This is an attempt to build something similar to metro cluster ability using RedHat 6 only. The POC is to simulate two different sites with server and storage on each one. Both servers see both LUNs from both sites. Linux LVM (or md) do mirror between LUNs coming from different sites. Cluster software do failover between nodes (sites). FS reads should be from closest disk, writes should go to both.
This POC uses two CISCO UCS blades in same cage and two LUNs coming from same NetApp, therefore it is only simulation of metro.

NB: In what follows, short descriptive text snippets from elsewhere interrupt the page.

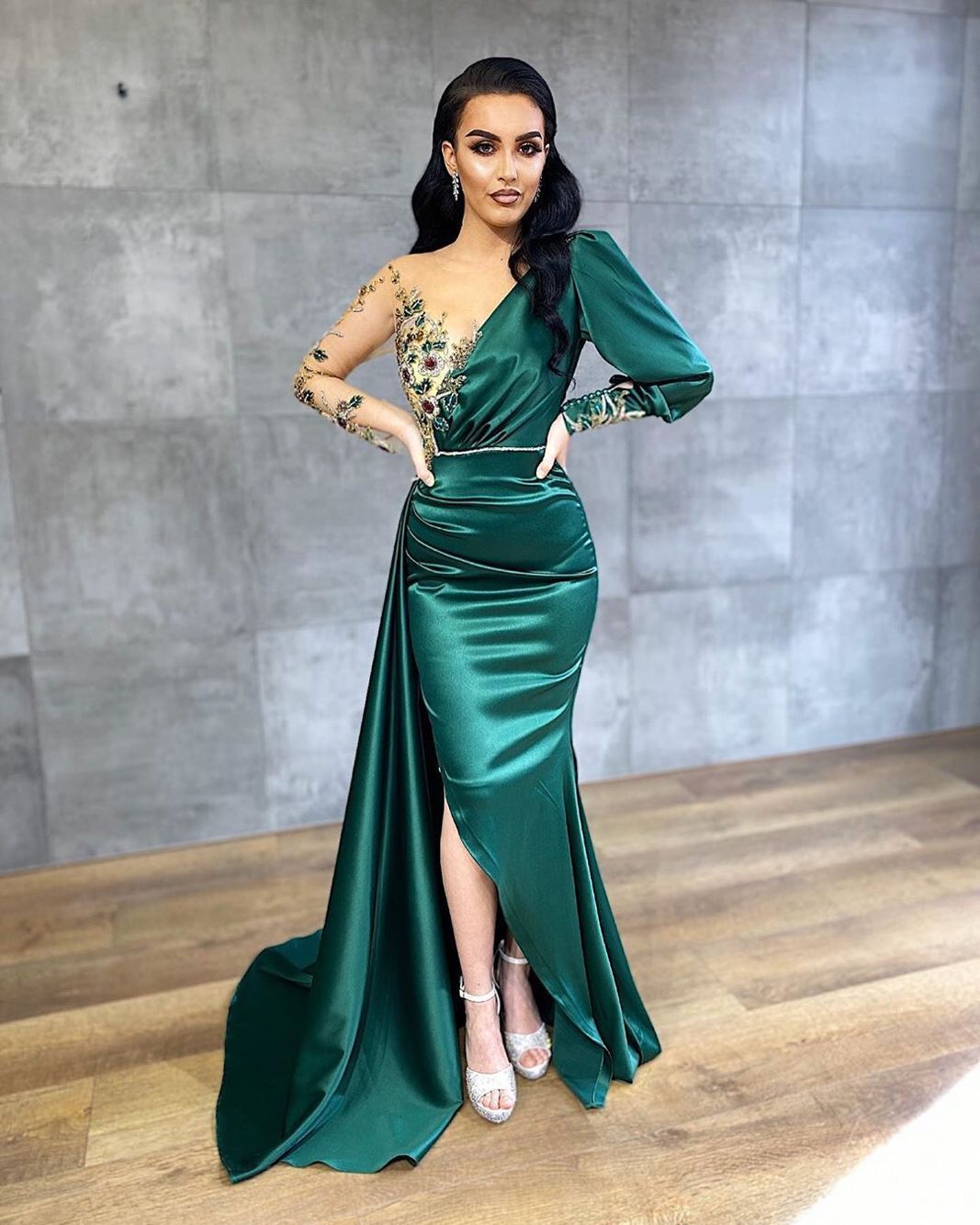 HIGH QUALITY SATIN LONG SLEEVES MERMAID EVENING GOWNS PROM DRESS  cg19797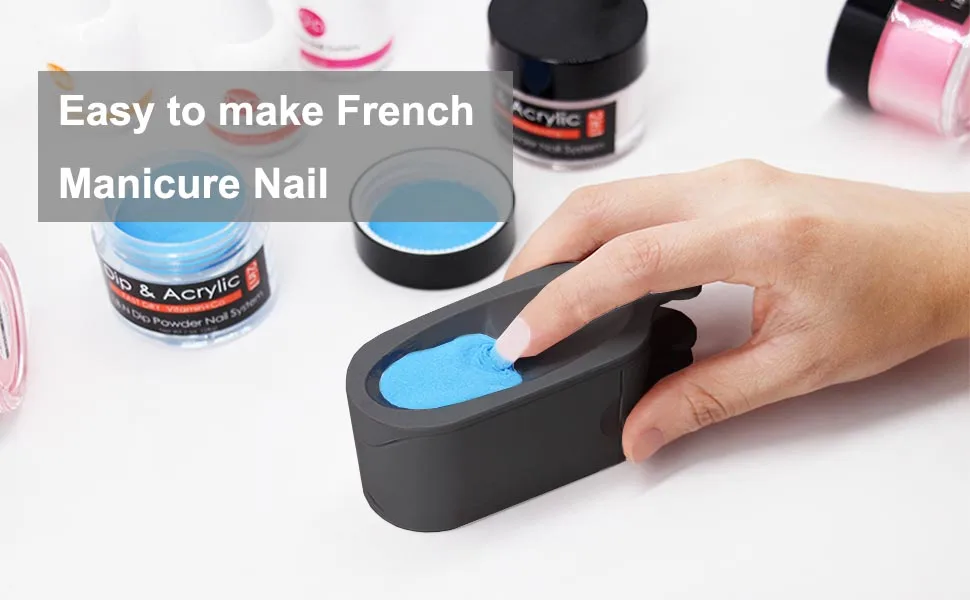 2 in 1 Dip Powder Tray Recycling System & French Tip Mould, Dip Powder Nail Glitter Holder Saver (Black) - product information 5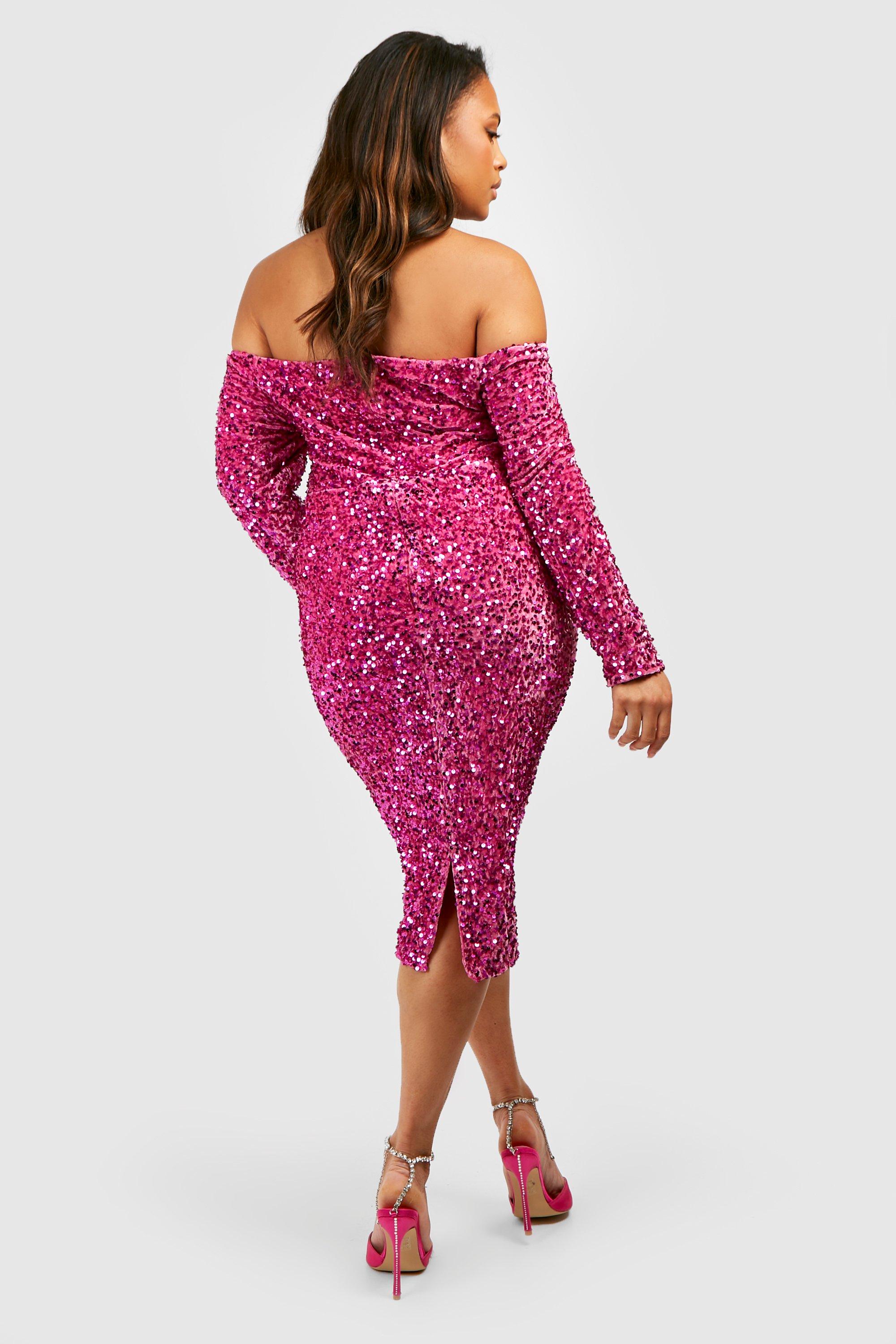 Womens - Sequin Halter Neck Midi Dress in Magenta Pink Sequin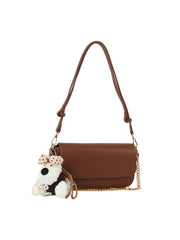 Plush Charm Chain Shoulder Bag
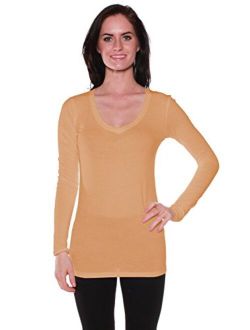 Active Products Womens Plain Basic Cotton Blend Deep V Neck T Shirt with Long Sleeves
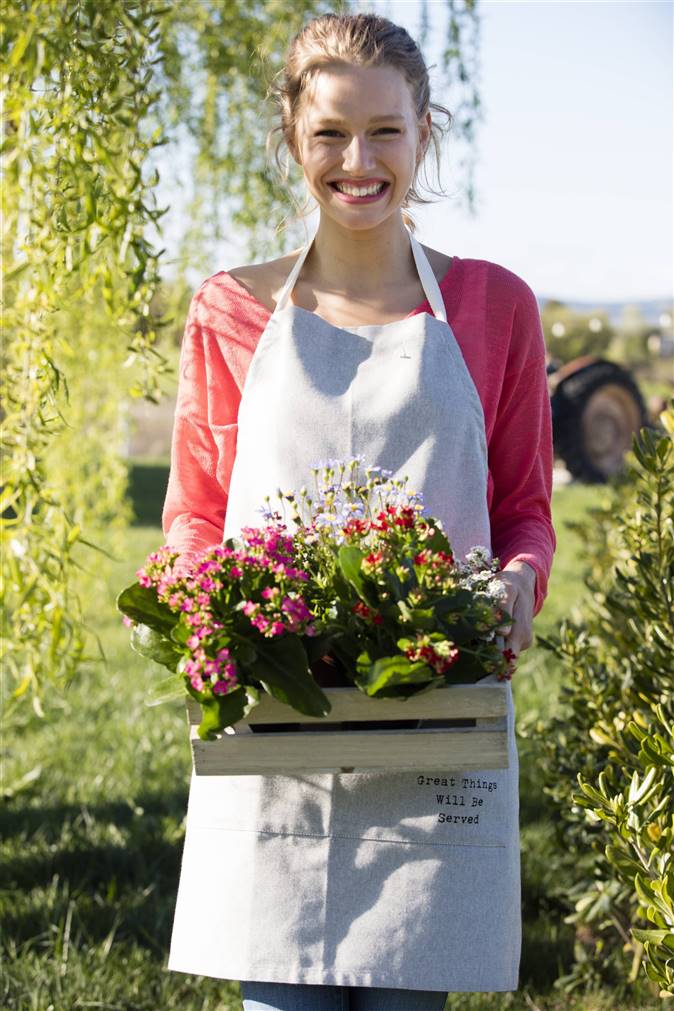 mujer con una caja con plantas de kalanchoe en flor 00479095 O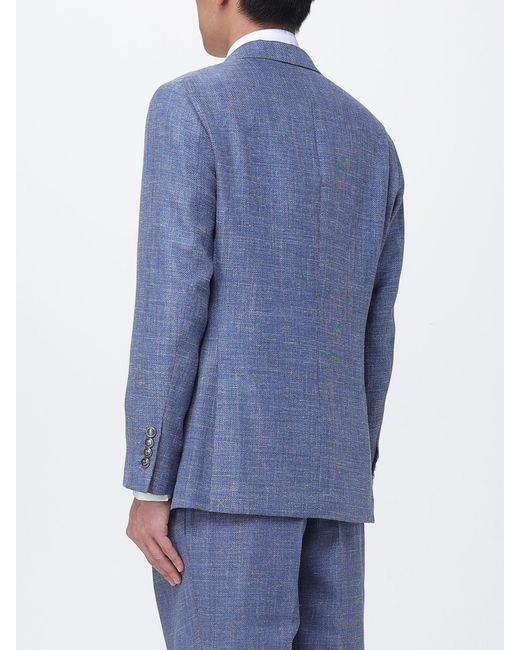 Brunello Cucinelli Blue Single-Breasted Blazer for men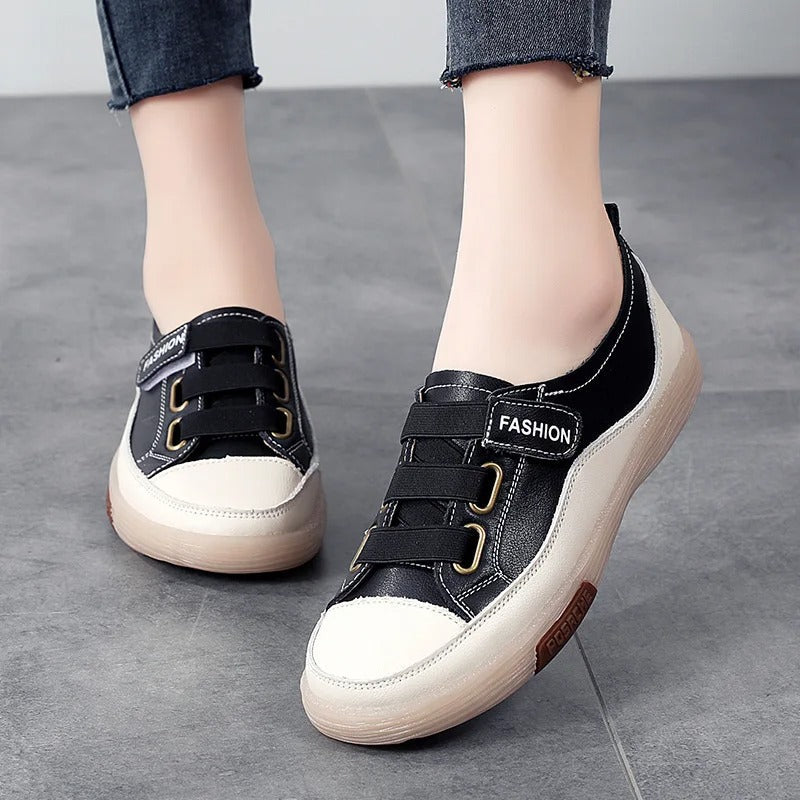 Dames sneakers met elastische bandjes en contrastneus – VIVIANA STRIDE - Glamorix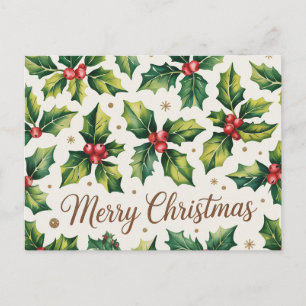 Moderne frohe Weihnachten Holly und Berries Postkarte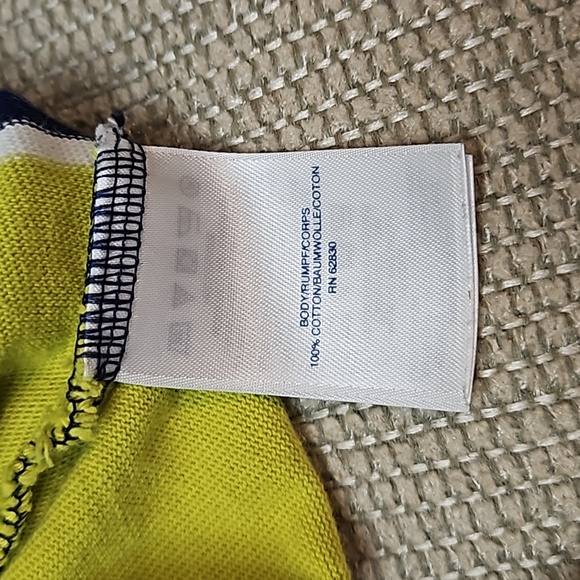 Land's End Rugby Shirt Boys Size 10-12 Blue Yellow- Green Stripes - Picture 5 of 8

During this POC, LVM way prove itself unusable, because once one of "mirrored" LUNs goes offline (that supposed to be happen by design), LVM hung and cause hung everything. Therefore "MD Way" was added.
Then was discovered that tuning multipath parameters solves hung problem, therefore LVM way was rechecked and seems to be working well.
Two UCS servers were installed with minimal RH6 installation, configured with boot from SAN (you can use local boot either, I just does not have internal disks installed).
All nodes in HA cluster have to have same SSH host keys to not make SSH clients crazy after fail over.
vorh6t01 # scp vorh6t02:/etc/ssh/ssh_host_\* /etc/ssh/ ... vorh6t01 # service sshd restart
Generate root SSH keys and exchange it over cluster nodes:
vorh6t01 # ssh-keygen -t rsa -b 1024 -C "root@vorh6t" ..... vorh6t01 # cat .ssh/id_rsa.pub >> .ssh/authorized_keys vorh6t01 # scp -pr .ssh vorh6t02:
Install theese RPMs on both nodes (with all depencies):
# yum install ccs cman rgmanager
vorh6t01 and vorh6t02 are two nodes of HA (fail-over) cluser named vorh6t. Take care to make all names resolvable by DNS and add all names to /etc/hosts on both nodes.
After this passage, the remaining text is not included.